Time series graphics notes:
Forecasting is predicting the future from historical data as accurately as possible.
short-term forecasts: Needed for the scheduling of personnel, production and transportation.
Medium-term forecasts: Needed to determine future resources requirements.
Long-term forecasts: Used in strategic planning. These decisions must take accounts of market opportunities, environmental factors and internal resources.
The process of analyzing time series data using statistics and modeling to make prediction and inform strategic decision-making.
Time series patterns:
Trend: Long term increase or decrease in the data; changing direction, does not have to be linear.
Seasonal: Fixed and known period that is affected by seasonal factors such as time of the year or week.
Cyclic: Not fixed period. Data exhibit ride and falls due to economic condition.
Tsibble function allows multiple time series to be stored in a single object.
Tsibble function requires a key and index.
Autoplot
Seasonal plot
Scatterplots
Lag plot
#Libraries required for the exercises
library(tsibble)
library(dplyr)
library(ggplot2)
library(tsibbledata)
#install.packages("feasts")
library(feasts)
library(zoo)
a. Use autoplot() to plot some of the series in these data sets.
1. gafa_stock
help(gafa_stock)
## starting httpd help server ... done
gafa_stock is a historical stock prices from 2014-2018 for Google, Amazon, Facebook and Apple. All prices are in $USD.
Source: Yahoo Finance historical data
gafa_stock
## # A tsibble: 5,032 x 8 [!]
## # Key: Symbol [4]
## Symbol Date Open High Low Close Adj_Close Volume
## <chr> <date> <dbl> <dbl> <dbl> <dbl> <dbl> <dbl>
## 1 AAPL 2014-01-02 79.4 79.6 78.9 79.0 67.0 58671200
## 2 AAPL 2014-01-03 79.0 79.1 77.2 77.3 65.5 98116900
## 3 AAPL 2014-01-06 76.8 78.1 76.2 77.7 65.9 103152700
## 4 AAPL 2014-01-07 77.8 78.0 76.8 77.1 65.4 79302300
## 5 AAPL 2014-01-08 77.0 77.9 77.0 77.6 65.8 64632400
## 6 AAPL 2014-01-09 78.1 78.1 76.5 76.6 65.0 69787200
## 7 AAPL 2014-01-10 77.1 77.3 75.9 76.1 64.5 76244000
## 8 AAPL 2014-01-13 75.7 77.5 75.7 76.5 64.9 94623200
## 9 AAPL 2014-01-14 76.9 78.1 76.8 78.1 66.1 83140400
## 10 AAPL 2014-01-15 79.1 80.0 78.8 79.6 67.5 97909700
## # ... with 5,022 more rows
autoplot(gafa_stock, Close)
2. PBS
?PBS
PBS is a monthly tsibble with two values:
Scripts: Total number of scripts Cost: Cost of the scripts in $AUD
Source: Medicare Australia
PBS
## # A tsibble: 67,596 x 9 [1M]
## # Key: Concession, Type, ATC1, ATC2 [336]

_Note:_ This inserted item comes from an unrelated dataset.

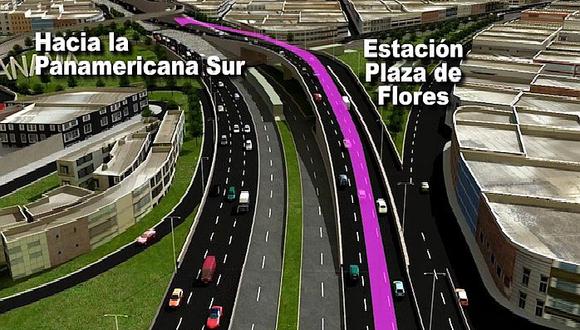 Vía Expresa Sur: la obra permitirá conectar Barranco y la Panamericana Sur en pocos minutos (VIDEO)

## Month Concession Type ATC1 ATC1_desc ATC2 ATC2_desc Scripts Cost
## <mth> <chr> <chr> <chr> <chr> <chr> <chr> <dbl> <dbl>
## 1 1991 Jul Concession~ Co-pa~ A Alimentary~ A01 STOMATOLOG~ 18228 67877
## 2 1991 Aug Concession~ Co-pa~ A Alimentary~ A01 STOMATOLOG~ 15327 57011
## 3 1991 Sep Concession~ Co-pa~ A Alimentary~ A01 STOMATOLOG~ 14775 55020
## 4 1991 Oct Concession~ Co-pa~ A Alimentary~ A01 STOMATOLOG~ 15380 57222
## 5 1991 Nov Concession~ Co-pa~ A Alimentary~ A01 STOMATOLOG~ 14371 52120
## 6 1991 Dec Concession~ Co-pa~ A Alimentary~ A01 STOMATOLOG~ 15028 54299
## 7 1992 Jan Concession~ Co-pa~ A Alimentary~ A01 STOMATOLOG~ 11040 39753
## 8 1992 Feb Concession~ Co-pa~ A Alimentary~ A01 STOMATOLOG~ 15165 54405
## 9 1992 Mar Concession~ Co-pa~ A Alimentary~ A01 STOMATOLOG~ 16898 61108
## 10 1992 Apr Concession~ Co-pa~ A Alimentary~ A01 STOMATOLOG~ 18141 65356
## # ... with 67,586 more rows
autoplot(PBS, Cost)
3. vic_elec
help("vic_elec")
vic_elec is a half-hourly tsibble with three values:
Demand: Total electricity demand in MW. Temperature: Temperature of Melbourne (BOM site 086071). Holiday: Indicator for if that day is a public holiday.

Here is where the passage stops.